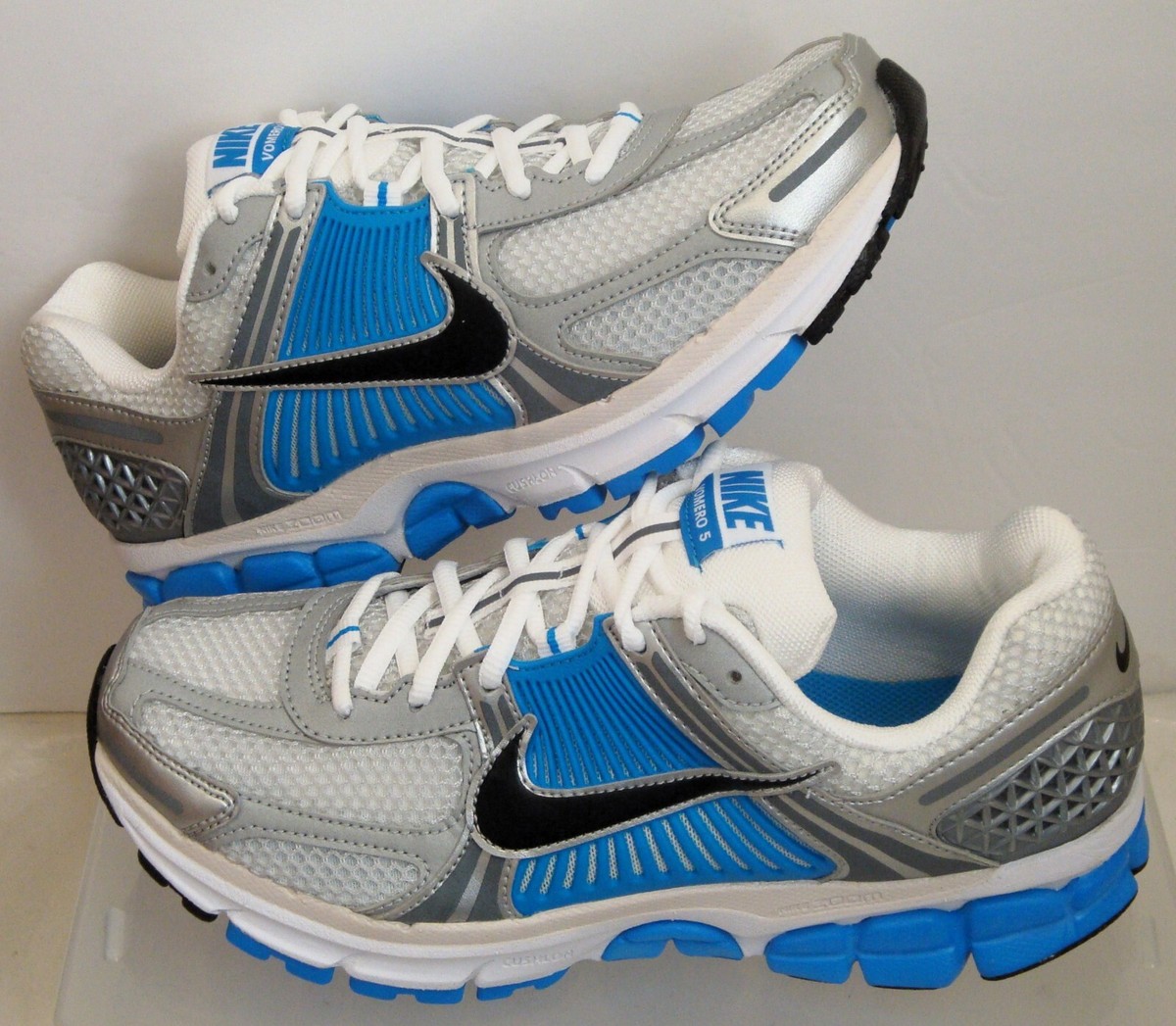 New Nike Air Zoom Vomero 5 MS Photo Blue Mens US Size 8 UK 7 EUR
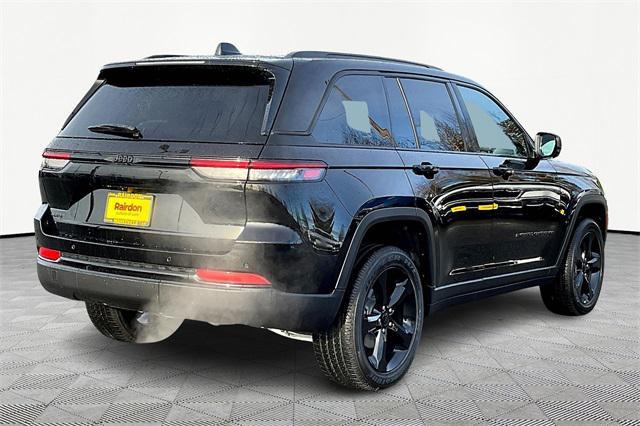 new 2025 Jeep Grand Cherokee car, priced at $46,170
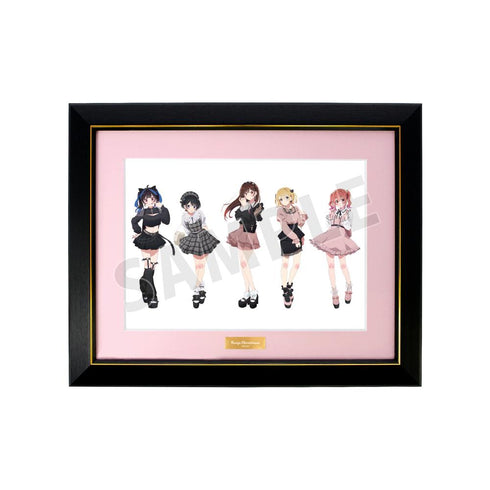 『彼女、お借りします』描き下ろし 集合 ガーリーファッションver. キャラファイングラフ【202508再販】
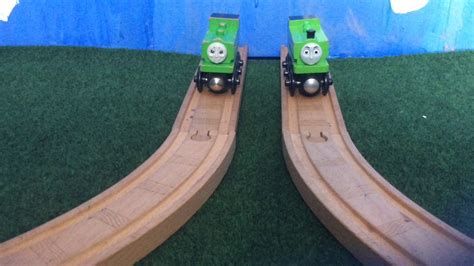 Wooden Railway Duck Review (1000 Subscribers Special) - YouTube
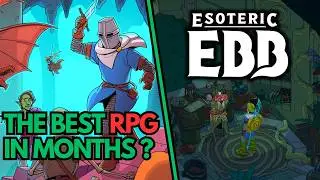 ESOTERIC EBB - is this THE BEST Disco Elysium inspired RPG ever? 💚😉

→ **INSTRUCTIONS TO FOLLOW**: Nothing but the lines from the line containing "集合 ガーリーファッションver. キャラファイングラフ【202508再販】" to the end of the records above should be repeated, exactly and with every picture omitted.

→ **ANSWER TO THIS TASK**:
 『彼女、お借りします』描き下ろし 集合 ガーリーファッションver. キャラファイングラフ【202508再販】
 Wooden Railway Duck Review (1000 Subscribers Special) - YouTube
 ESOTERIC EBB - is this THE BEST Disco Elysium inspired RPG ever? 💚😉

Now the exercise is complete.